The more I study the Bible, the more I realize LDS are some of the worst at taking scripture out of context. It saddens me to look back and see how naive I was.

What are these “partial apostasies” that Catholics and other Christians accept? Are there practices and/or doctrine of the past that are now considered to have been incorrect? Thanks.

If he cannot demonstrate his claim and make it reliable there is no reason to give credence to his assertion. The early church was not mormon and mormons will more than likely read their own bias into these writings. We all do this of course but a mormon explanation of the early church, biblical and patristic is severely lacking when attacked.

Good point, I’ve never actually thought of that :hmmm: :smiley:

By “partial apostasies” I mean people apostatizing from the Church, not a total apostasy of the Church, the Body of Christ, the Kingdom of God.

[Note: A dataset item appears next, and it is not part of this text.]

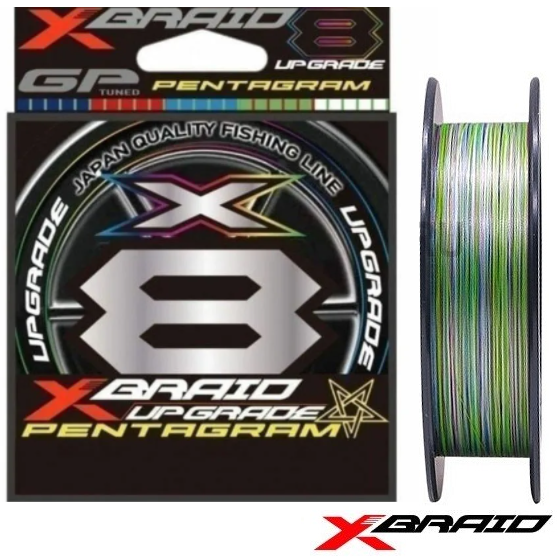 X-Braid Upgrade PE X8 Pentagram 200m Multicolor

“The Gates of hell shall NOT prevail.” -Matt.16

God Bless!:thumbsup:


It's been almost 40 years since I took the missionary discussions but I'll put in my two cents anyway.  The argument above leads into a look at what they called "earmarks" of the early church.  They then point out that the EC had apostles and prophets and present churches don't.  The problem with this claim is that they redefine the role of apostles and prophets.  Apostle means someone who is sent out.  Paul defined himself as an apostle because he traveled into areas where the gospel hadn't been preached.  There apostles go to the air conditioned office everyday.  Prophets had many functions in the OT.  Non oif these functions are performed by their present day prophet.

I tend to agree with you. If they claim that the early Church had apostles and prophets, and no church has them now (except there’s, so the thinking goes, ignoring other churches, including some within the Mormon umbrella that make the same claim as them), then they need to point out how the their modern day apostles and prophets function just like the ancient ones.

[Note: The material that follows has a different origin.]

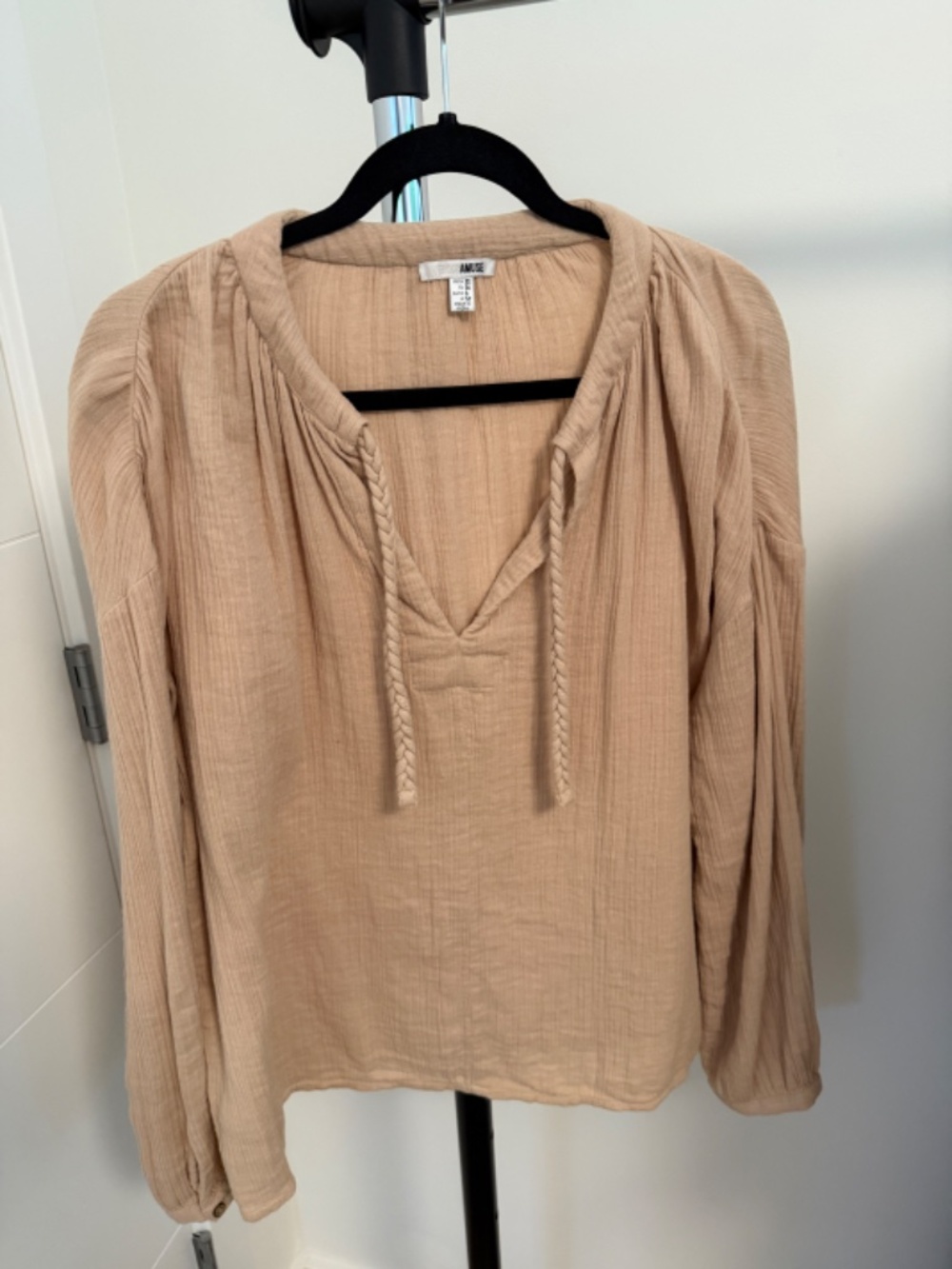 Amuse Society Bohemian Top Tan XS Oversized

From the Catholic perspective, this of course is a non-issue. Although Catholics do not refer to their leaders as “Apostles” per se (though one of the titles of the Pope, regarded as successor of the Apostle Peter, is “Prince of the Apostles”), we do regard the Bishops as being successors of the Apostles, holding the same “apostolic authority” that they did. Further, Catholicism accepts the reality of visions, Heavenly visitations, etc to people, who can be regarded as prophets and prophetesses, though none of these revelations would ever supplant God’s self-revelation in Jesus Christ (and of course the inspiration and guidance that comes from God to us individually, as well as the Spirit guiding the Church always). The Heavens were never closed for Catholics.

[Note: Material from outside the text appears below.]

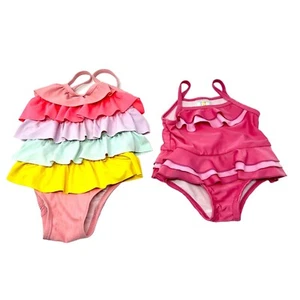 Ropa Bebé Niña - 2 Trajes de Baño - Tallas 12 Meses y 12 - 18 Meses - Imagen 1 de 5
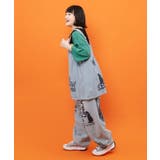 ロゴ半ラバープリント デニムorヒッコリー2wayベスト | ScoLar | 詳細画像3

And yes, the first thing that caused me to become disillusioned in the LDS faith was whether or not the current prophets, seers, and revelators functioned like the Biblical ones, or even like Joseph Smith.

Is the Prophet a Prophet?-Two Interesting Articles

In a nutshell, the need for “revelation” or “prophecy” (as claimed by LDS) became a moot point after Jesus Christ, the only Son of God, was revealed as such, and all prophecies regarding His coming were fulfilled by Him. The LDS fail to understand the purpose of revelation in the Old Testament. They erroneously believe that it has to continue in the same way in the modern age, which is completely unnecessary since the purpose of revelation was already fulfilled.

Thank you for clarifying. Googling “catholic partial apostasies” doesn’t yield anything meaningful along those lines (with the exception of your very comment.)

That would be because “partial apostasies” isn’t a technical term (I don’t believe I claimed it was).

However, it is readily apparent that Catholic theology maintains that though there may be apostasies from the Church (the Catechism gives the technical Catholic understandings of apostasy, schism, and heresy), the Church itself, as the very Body of Christ, with Him at its head, guided by the Holy Spirit, can never apostatize, and that there had been an unbroken succession of apostolic authority since Christ established His Kingdom.